How do I request a Return Copy?
If you have never used or heard of return copy, here’s a quick overview of how you can get one. In order to have return copy data available for download after filing, the submission must have the “return copy” option checked. In Gofiler, this option appears within the Submission Contact Information section of the project when it is opened in EDGAR Submission View:
In EDGARLink Online, you can select the option in the same area as the type of submission:
Note that return copy is not available on all form types.

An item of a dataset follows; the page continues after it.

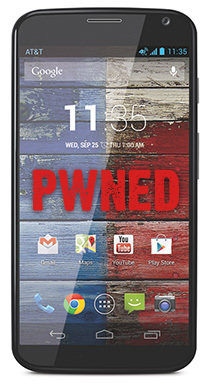 PwnMyMoto-Moto-X-Droid-Ultra-Mini-Maxx-root-with-system-access-access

After the filing has been accepted, you can retrieve the return copy from the EDGAR website. You’ll have to log into the EDGAR System and click the Retrieve/Edit Data link on the left navigation bar. Then select “return copy”:
This screen shows all of the return copy data that is available on EDGAR for you to download. Each filing is listed with its accession number. Press the “Yes” button to choose to download a return copy. A screen will appear where you can select which filing to download:
Choose the desired filing and press the Download Return Copy button. Another screen will appear with the link to download the return copy.
Click on the linked accession number to download the return copy file. That’s it!
Return Copy has absolutely no legal or regulatory bearing on a submission. It is a way to confirm that what was submitted to the EDGAR System is true to the original converter or prepared EDGAR data. As a developer, we use Return Copy extensively as part of our Q/A process to make sure our software is correctly submitting data to the SEC 100% of the time. You can use it too as a final check that your filing is accurate now that you know what that
“return copy” file really is!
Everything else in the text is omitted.